Unit - 2
Context Free Grammar
Q1) Compare RE and CFG?
A1) The difference between RE and CFG
RE (Regular expression) | CFG (Context free grammar) |
Lexical rules are quite simple in case of Regular Expressions. | Lexical rules are difficult in case of Context free grammar. |
Notations in regular expressions are easy to understand. | Notations in Context free grammar are quite complex. |
A set of string is defined in case of Regular Expressions. | In Context free grammar the language is defined by the collection of productions. |
It is easy to construct efficient recognizer from Regular Expressions. | By using the context free grammar, it is very difficult to construct the recognizer. |
There is proper procedure for lexical and syntactical analysis in case of Regular Expressions. | There is no specific guideline for lexical and syntactic analysis in case of Context free grammar. |
Regular Expressions are most useful for describing the structure of lexical construct such as identifiers, constants etc. | Context free grammars are most useful in describing the nested chain structure or syntactic structure such as balanced parenthesis, if else etc. And these can’t be define by Regular Expression. |
Q2) How to eliminate ambiguity?
A2) Suppose we have a context free grammar G with production rules:
S->aSb|bSa|SS|ɛ
Left most derivation (LMD) and Derivation Tree:
Leftmost derivation of a string from staring symbol S is done by replacing leftmost
Non-terminal symbol by RHS of corresponding production rule.
For example:
The leftmost derivation of string abab from grammar G above is done as:
S =>aSb =>abSab =>abab
The symbols in bold are replaced using production rules.

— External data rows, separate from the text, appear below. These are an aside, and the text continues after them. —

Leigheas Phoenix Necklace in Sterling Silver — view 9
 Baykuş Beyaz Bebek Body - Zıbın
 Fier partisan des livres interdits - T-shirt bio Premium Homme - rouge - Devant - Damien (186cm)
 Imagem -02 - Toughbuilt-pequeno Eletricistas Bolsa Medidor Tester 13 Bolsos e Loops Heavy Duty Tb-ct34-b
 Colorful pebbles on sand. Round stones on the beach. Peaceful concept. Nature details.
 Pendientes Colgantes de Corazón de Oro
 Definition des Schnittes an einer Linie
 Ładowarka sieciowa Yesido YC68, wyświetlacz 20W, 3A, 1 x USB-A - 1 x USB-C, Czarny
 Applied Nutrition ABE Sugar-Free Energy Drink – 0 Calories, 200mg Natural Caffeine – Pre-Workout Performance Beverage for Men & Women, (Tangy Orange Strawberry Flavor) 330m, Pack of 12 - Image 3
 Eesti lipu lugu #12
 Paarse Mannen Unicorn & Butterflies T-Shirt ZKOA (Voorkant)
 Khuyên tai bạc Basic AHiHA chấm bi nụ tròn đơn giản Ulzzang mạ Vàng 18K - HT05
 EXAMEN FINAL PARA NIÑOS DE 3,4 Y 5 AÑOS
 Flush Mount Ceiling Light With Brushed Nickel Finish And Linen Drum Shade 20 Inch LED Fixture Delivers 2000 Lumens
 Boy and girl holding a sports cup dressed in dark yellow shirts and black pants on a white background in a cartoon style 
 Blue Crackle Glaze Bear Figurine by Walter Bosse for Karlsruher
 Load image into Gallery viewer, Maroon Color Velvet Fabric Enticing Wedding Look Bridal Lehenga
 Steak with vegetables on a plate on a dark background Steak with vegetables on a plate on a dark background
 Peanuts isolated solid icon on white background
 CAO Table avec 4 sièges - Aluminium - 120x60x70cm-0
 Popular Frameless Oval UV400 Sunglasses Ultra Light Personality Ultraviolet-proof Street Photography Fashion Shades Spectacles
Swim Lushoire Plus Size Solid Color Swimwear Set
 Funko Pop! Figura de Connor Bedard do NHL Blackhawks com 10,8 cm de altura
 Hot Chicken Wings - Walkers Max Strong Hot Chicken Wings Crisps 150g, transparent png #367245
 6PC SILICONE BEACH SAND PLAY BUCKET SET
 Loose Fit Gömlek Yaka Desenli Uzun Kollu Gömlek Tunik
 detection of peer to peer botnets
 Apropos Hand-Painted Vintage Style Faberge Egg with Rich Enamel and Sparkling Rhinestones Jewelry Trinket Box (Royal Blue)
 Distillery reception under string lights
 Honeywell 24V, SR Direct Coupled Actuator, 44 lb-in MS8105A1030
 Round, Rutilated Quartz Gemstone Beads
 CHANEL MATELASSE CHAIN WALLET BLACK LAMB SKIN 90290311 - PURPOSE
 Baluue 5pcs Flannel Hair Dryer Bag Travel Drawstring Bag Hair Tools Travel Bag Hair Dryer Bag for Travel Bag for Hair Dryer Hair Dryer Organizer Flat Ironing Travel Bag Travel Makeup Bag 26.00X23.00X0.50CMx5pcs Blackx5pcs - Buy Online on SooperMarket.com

Derivation tree: It explains how string is derived using production rules from S and
Is shown in Figure.
Fig 1: Derivation tree
Right most derivation (RMD):
It is done by replacing rightmost non-terminal symbol S by RHS of corresponding production rule.
For Example: The rightmost derivation of string abab from grammar G above
Is done as:
S =>SS =>SaSb =>Sab =>aSbab =>abab
The symbols in bold are replaced using production rules.
The derivation tree for abab using rightmost derivation is shown in Figure.
Fig 2: Right most derivation
A derivation can be either LMD or RMD or both or none.
For Example:
S =>aSb =>abSab =>abab is LMD as well as RMD But
S => SS =>SaSb =>Sab =>aSbab =>abab is RMD but not LMD.
Ambiguous Context Free Grammar:
● A context free grammar is called ambiguous if there exists more than one
LMD or RMD for a string which is generated by grammar.
● There will also be more than one derivation tree for a string in ambiguous grammar.
● The grammar described above is ambiguous because there are two derivation Trees.
● There can be more than one RMD for string abab which are:
S =>SS =>SaSb =>Sab =>aSbab =>abab
S =>aSb =>abSab =>abab
Q3) What is left recursion?
A3) Any non-terminal 'A' whose derivation contains 'A' itself as the left-most symbol makes a grammar left-recursive. For top-down parsers, left-recursive grammar is seen as a difficult scenario. Top-down parsers begin parsing with the Start symbol, which is non-terminal in and of itself. As a result, when the parser encounters the same non-terminal multiple times during its derivation, it becomes difficult for it to determine when to cease parsing the left non-terminal, and it enters an infinite loop.
Example
(1) A => Aα | β
(2) S => Aα | β
A => Sd
(1) is an example of immediate left recursion, where A represents a string of non-terminals and represents any non-terminal symbol.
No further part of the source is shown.